Genre: New Adult Romance
One special summer.
The one thing Bliss had lost herself in when the fear and sickness were too much, moments never to be damaged by the harsh reality that followed… until now.
Bliss York didn’t live a normal teenage life. She didn’t go to Friday night football games, walk the halls with her friends every day, go to her prom or even walk to receive her diploma. It had all been taken from her the fall that she was fifteen years old and she was given the diagnosis no one ever wants to hear.
She had leukemia.
Seven years after spending a summer with a girl who he knew would always be his first love and the one who got away, Nate Finlay returns to Sea Breeze to help his fiancé open her new boutique clothing store. When the new employee walks in Nate is taken back seven years to the girl he thought he’d love forever. The one who never answered his calls or returned his text. The one who shut him out completely with not even a goodbye and broke his heart.

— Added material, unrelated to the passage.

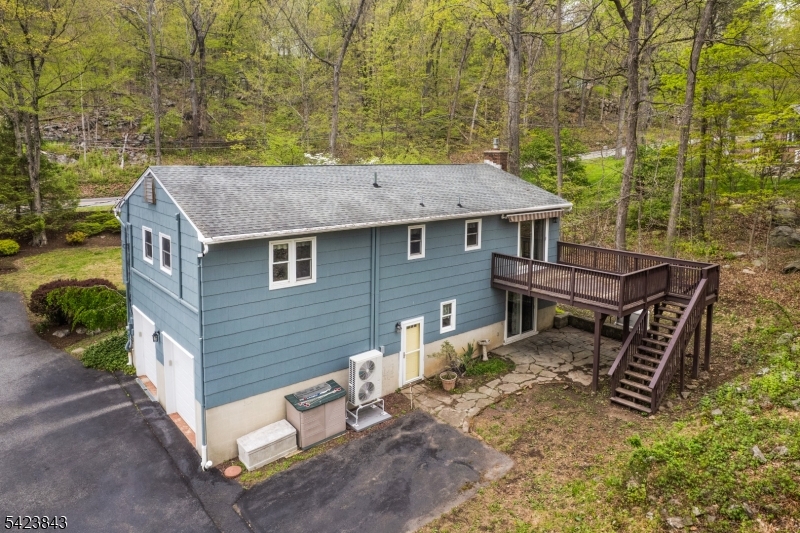 26 TAMARACK RD.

They’ve each become someone different. No longer the young teens with stars in their eyes. But does that matter when your heart still says that’s the one.
Like a Memory is a stereotypical New Adult Romance that uses illness and mental health as plot devices. It’s annoying, disrespectful, and cringe worthy. It doesn’t bring any new ideas or content to the table for this genre and is, unfortunately, sullying its reputation.

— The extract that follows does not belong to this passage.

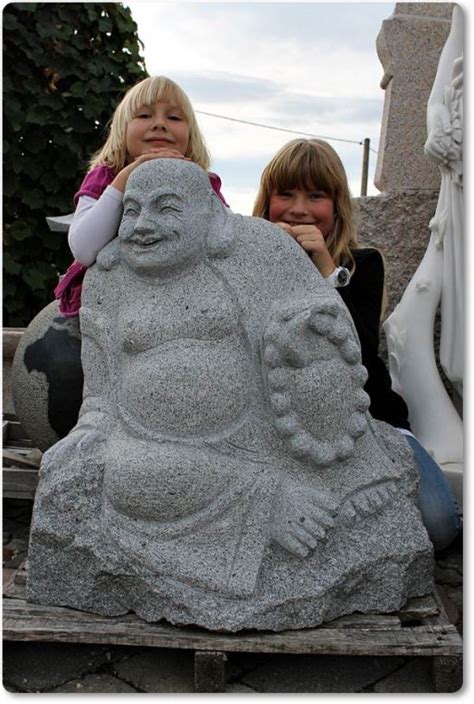 Objekte und statuen für den garten, den innenbereich und weitere dekorationsartikel mit dem beliebten motiv können sie hier kaufen. Buddha aus Granit für den Garten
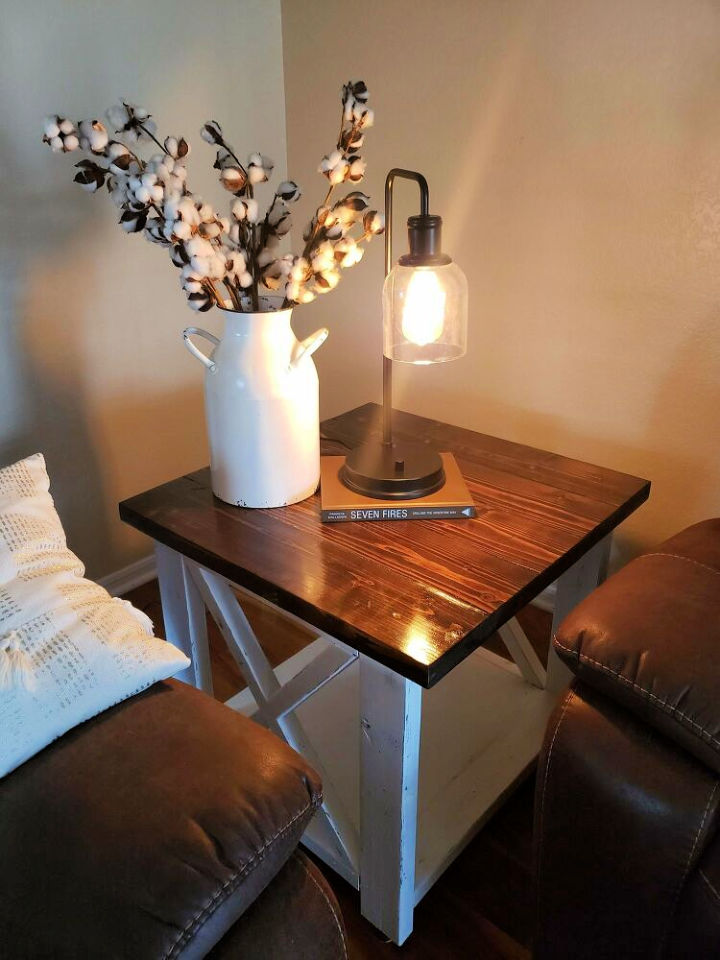10 Free DIY Farmhouse End Table Plans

Like a Memory features Bliss, a young woman who survived through leukemia in her teenage years making her innocent and virginal, and Nate, a cynical man whore. Bliss and Nate shared a romance filled summer together when they were younger, but once Bliss fell ill she severed all communication. Nate no longer believes in love filled relationships, so he settled for one of convenience. The story then follows the same pattern as all New Adult Romances.

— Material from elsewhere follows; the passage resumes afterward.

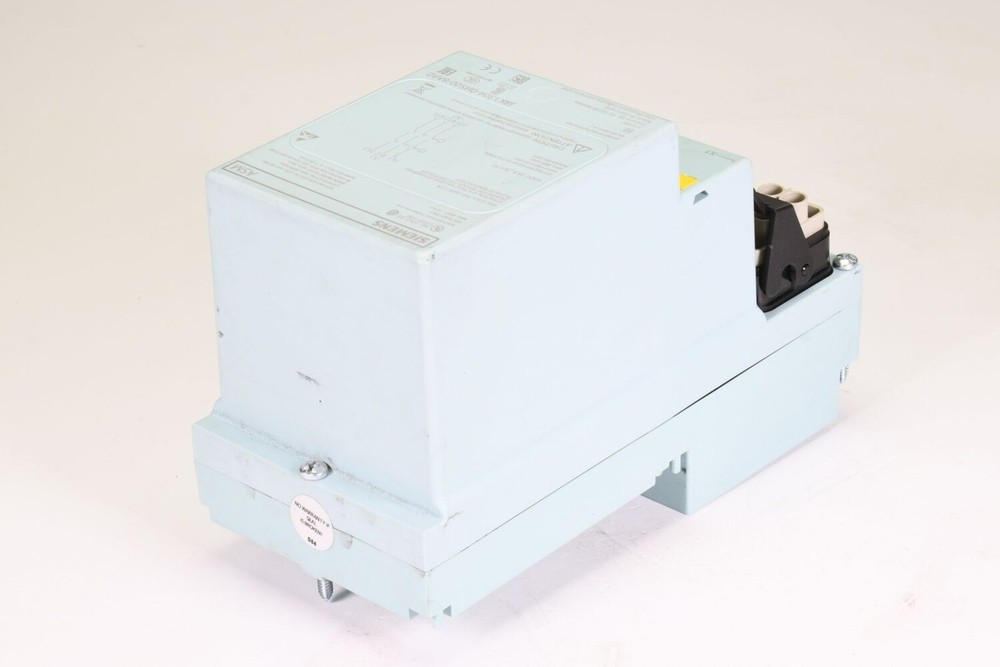 SIEMENS 3RK1304-0HS00-8AA0, Disconnection module, E02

This novel can be read as a standalone romance apart from both the Sea Breeze and Rosemary Beach series, however having read both I felt thoroughly confused a lot of the time because of the amount of secondary and tertiary characters that are given page time. Glines tried to tell a romance equivalent to that of Blaire and Rush from the Rosemary Beach series, but failed in using the tropes of the New Adult genre and getting lost in the secondary and tertiary characters she was trying to set up for future novels.
The New Adult genre is now tried and true. The novels that first heralded this genre are considered great and their ratings on Goodreads reflect this thought. However as the genre grew in popularity, so did the tropes associated with it. So now, when I read New Adult Romances that feature these tropes I can’t help but roll my eyes and desperately wish for an author to include something different to change the New Adult game. Unfortunately, Abbi Glines failed in that regard.
What made me ultimately dislike Like a Memory, without going into spoilers, is its use of mental illness as a plot device. Mental illness does not exist solely for authors to use to motivate their characters or to justify their characters’ actions. It’s disgusting and Abbi Glines should be ashamed. It pains me to write that because I’m a huge Abbi Glines fan. I’ve read almost everything she’s written, but I’ve matured and learned too much to ignore these glaring mistakes.
Overall, Like a Memory is a typical New Adult Romance. It features an innocent young woman and an experienced young man who refuses to settle down until he meets the main character. If you enjoy that story and are able to overlook mental illness being used as a plot device, then you will definitely enjoy Like a Memory.